**What is expected**
What you produce should be an exact transcription of the data, minus any pictures.

**Material provided**
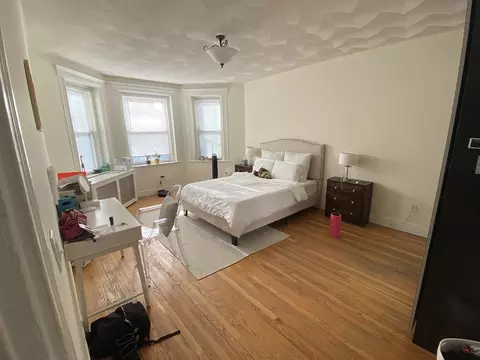 1109 Boylston St #12, Boston, MA 02215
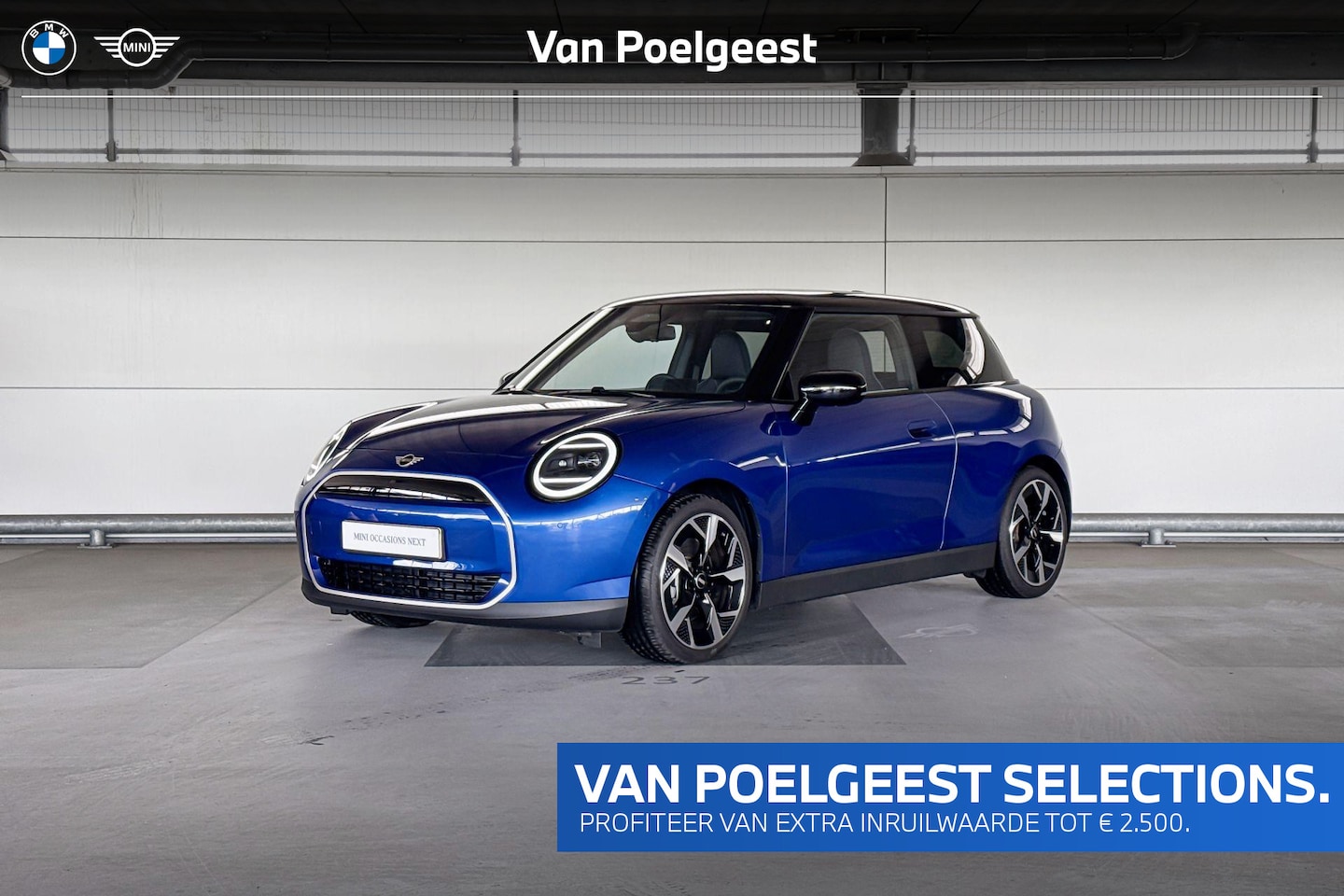 MINI Cooper - 3-deurs E Favoured M 40.7 kWh | Selections - AutoWereld.nl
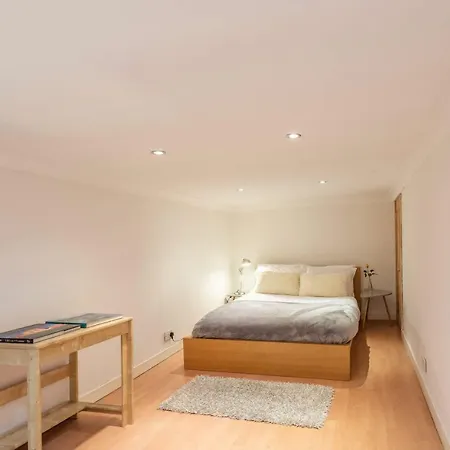 Charing Cross 3 - 4bed-historical - Townhouse In City Holiday home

**Task answer**
 1109 Boylston St #12, Boston, MA 02215
 MINI Cooper - 3-deurs E Favoured M 40.7 kWh | Selections - AutoWereld.nl
 Charing Cross 3 - 4bed-historical - Townhouse In City Holiday home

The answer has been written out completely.